Twenty birds from Kapiti and Tiritiri Matangi Islands were released into the sanctuary at the end of Whangaparaoa Peninsula on April 29 and 30. Conservationists hope that the release into a 500ha safe site could be a major boost for the population of this, our smallest and second most rare Kiwi.
The main breeding season runs across winter and spring, making it possible that the next generation of Kiwi could be born at Shakespear early next year.
More than 200 invited guests were at Te Haruhi Bay on April 29 to welcome the birds. After a powhiri and speeches, there was a chance to take a close up look, and photos, of the Kiwi, which were then taken into the sanctuary for release.
The project was only possible because of a large amount of work behind the scenes, including fundraising.
Shakespear Open Sanctuary (SOSSI) volunteers and rangers identified and blocked potential pathways where the birds could escape the pest proof fence. Volunteers also made transfer boxes and temporary nest burrows. Twelve people have been trained to monitor the birds via radio transmitters. This monitoring will be carried out almost daily to start with. Call count surveys will also be undertaken in due course to work out the population density.
The total bill for introducing a viable population of 40 birds into the sanctuary is expected to be around $68,000.
SOSSI chair Peter Jackson says the recent translocation cost around $38,000. A further 20 Kiwi will be released sometime between 2018-20 at a cost of $30,000. Enough money for the first release has been raised, with grants from Becroft Foundation, Foundation North, Kiwis4Kiwi, Auckland Council and donations from the public.
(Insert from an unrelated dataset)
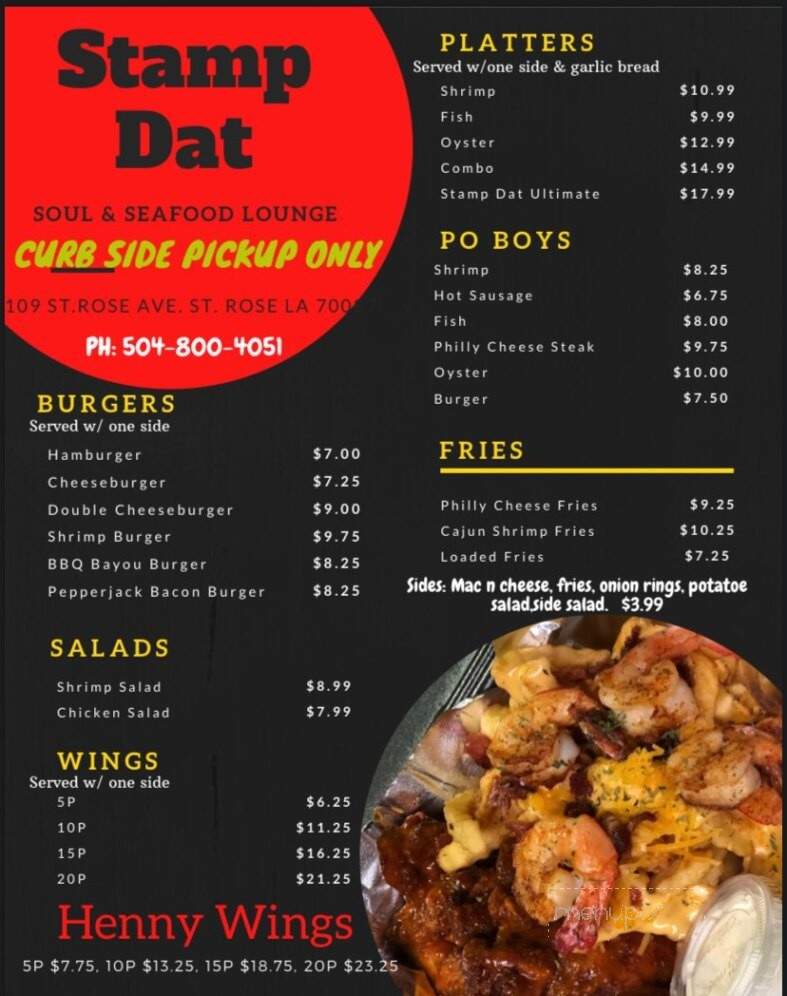 Stamp Dat Seafood - Des Allemands, LA menu_pic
Open sanctuaries senior ranger Matt Maitland says the support, which has come in many forms, has been appreciated. “People were very keen to see it happen and whether they helped build boxes, made new barriers – including the major task of clearing and repurposing a retaining wall – or donated money, the community stepped up.”
He says the presence of Kiwi within the sanctuary will mean that the No Dog policy will be even more strictly enforced inside the pest proof fence and that people leaving the park at night need to be especially careful in case Kiwi are on the road.
Hibiscus Matters went with rangers to one of the release sites, deep within the sanctuary.
SOSSI’s Kiwi release has enabled some state of the art tracking technology to be trialled. Plant and Food Research is developing an automated tracking system – a network of antennae that scans for frequencies from the birds’ radio transmitters and can provide a lot of accurate information about their whereabouts and movements.
Open Sanctuaries senior ranger Matt Maitland says the system provides a longer time exposure than the snapshot that is obtained from hand-held monitoring devices. Reports come in automatically and can warn of any potential issues. The trial by Plant and Food Research scientists is taking place in collaboration with Auckland Council.